Solution: With that thought in mind, I knew it was crucial for me to really face my upcoming responsibilities tonight, not just go on in blissful ignorance until I’m slapped upside the head by the panic monster after they become due.

Action: I sat down and began planning the next day, and eventually planned for the whole upcoming week (for the first time in a while!) I hadn’t felt very much like “adulting” when I started, but I accepted some temporary discomfort, and motivation showed up as I got into the groove. I reminded myself not to be afraid to merely think about something. I coached myself as I might coach a client:

  • Some of these to-do’s are more urgent than others, focus there.
  • Some things are already past due (oh THAT’S what I had been avoiding) but that does not mean I am a failure. No shame in imperfection.
  • Some things do seem daunting, but that doesn’t mean I’m required to feel overwhelmed. I have a choice.
  • Affirmation: I’m experienced enough – with breaking tasks down into smaller, bite-sized pieces – that I can really have faith in the process.

Result: When I was done planning I felt so much better! I knew that I had made a map that I could follow, and all was not lost.

Bonus: It’s a more wholesome pleasure to spend a few minutes outlining a blog post now with my responsibilities behind me, rather than having them looming large ahead of me.

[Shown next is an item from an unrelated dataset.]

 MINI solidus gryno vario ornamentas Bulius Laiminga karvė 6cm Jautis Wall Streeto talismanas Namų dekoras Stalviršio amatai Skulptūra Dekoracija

Moral of the story: This is one of the most critical things for people with ADHD (or for anyone, really) to learn: When we are facing a potential conflict, like needing to decide what’s for dinner, or have a delicate conversation, or plan an event, our brain is wired to protect us from whatever it is that we fear, whether it is worth fearing or not. Have you ever noticed that?

Avoidance is so stressful! Living in the  moment is not what “being present” really means. Ease and instant gratification are only fleeting illusions. Living without regard to the future is a recipe for stress, disappointment, anxiety, and continued avoidance.

Better approach: We all can learn to recognize that not every fear crossing our mind is valid. When we live mindfully, we can notice those feelings that pop up, and we can scrutinize them. I would encourage you to get into the habit of cross-examining yourself when you feel like escaping.

Embrace those fears, look at your calendar for tomorrow, see what is coming up next week and beyond, and make a habit of actually doing it! (That’s a subject for another post!)

Tell me, what is it that you are avoiding right now? Is it something that’s coming up, or something that’s been building up?